COLUMN-Copper stocks battle resumes, but the real action is elsewhere: Andy Home

(Repeats with no changes. The opinions expressed here are those of the author, a columnist for Reuters)

* LME Copper Stock Arrivals: http://tmsnrt.rs/2EqkQ5i

* LME Copper Stocks: http://tmsnrt.rs/2EnQu3F

By Andy Home

LONDON, Jan 30 (Reuters) - You don't get much market bang for 100,000 tonnes of copper these days.

Or 101,725 tonnes to be precise, which is the amount of metal that was dumped into the London Metal Exchange (LME) warehouse network over just four days last week.

LME copper had closed the previous week at $7,041 per tonne and, after surviving a Tuesday swoon to $6,885, it closed last Friday at $7,085.

True, the bear attack was partly thwarted by U.S. Treasury Secretary Steven Mnuchin's ambivalent comments on the dollar, which went into its own tailspin, lifting the whole commodity complex.

But the LME "Street" seemed to have seen this copper surge coming.

And the rest of us have seen it all before anyway. Last week's stocks dump was the sixth such LME "arrivals event" in the space of 14 months.

The bull-bear physical arm-wrestling match resumes, it seems.

However, the noise of combat in the LME copper stocks arena is drowning out an ever more significant shift in global inventory distribution.

There are now 113,098 tonnes of copper sitting in CME-registered warehouses in Salt Lake City in Utah.

It's a curious place for so much copper to be stored but one with major potential consequences.

Graphic on LME copper stock arrivals:

http://tmsnrt.rs/2EqkQ5i

Graphic on LME copper stocks:

http://tmsnrt.rs/2EnQu3F

SIGNAL FAILURE

Human nature being what it is, it's always tempting to try and explain such a change in visible inventory with reference to some equally dramatic shift in market dynamics.

But before you do, check out a chart of headline LME copper stocks over the last two years.
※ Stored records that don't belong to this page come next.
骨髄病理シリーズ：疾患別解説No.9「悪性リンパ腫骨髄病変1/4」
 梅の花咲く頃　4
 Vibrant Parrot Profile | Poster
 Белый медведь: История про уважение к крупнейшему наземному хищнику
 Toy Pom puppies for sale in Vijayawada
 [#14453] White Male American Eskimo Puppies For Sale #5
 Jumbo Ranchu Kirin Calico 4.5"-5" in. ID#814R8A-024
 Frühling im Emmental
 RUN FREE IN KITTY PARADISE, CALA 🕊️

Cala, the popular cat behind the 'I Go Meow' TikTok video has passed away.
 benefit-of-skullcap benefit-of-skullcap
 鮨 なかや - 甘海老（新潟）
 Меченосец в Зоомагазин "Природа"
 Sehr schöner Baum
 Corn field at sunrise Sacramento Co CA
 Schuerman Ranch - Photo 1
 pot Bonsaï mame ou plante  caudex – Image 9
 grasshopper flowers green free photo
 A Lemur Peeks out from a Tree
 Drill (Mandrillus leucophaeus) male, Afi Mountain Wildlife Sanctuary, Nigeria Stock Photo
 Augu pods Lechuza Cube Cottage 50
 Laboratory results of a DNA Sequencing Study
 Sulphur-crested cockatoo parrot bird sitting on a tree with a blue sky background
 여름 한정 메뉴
The latest injection of physical metal is but the latest addition to a violent zig-zag pattern.

The six "arrival events" since December 2016 have all been super-charged inflows of copper to the LME system concentrated into the space of just a few days.

This one was little different from the others with most of the tonnage hitting the same Asian and Dutch locations as before.

And the Street was quick to see it for what it was, one broker warning clients after Monday's first hit of "a planned market play" involving around 100,000 tonnes of warrantings and a tranche of put options.

Based on the price evidence, the bull seems to have held his ground, albeit with considerable assistance from the U.S. Treasury Secretary.

And if past form holds, expect the bull to do what he has done every time in the past, namely buy all the newly delivered metal, cancel it and ship it, most likely to China.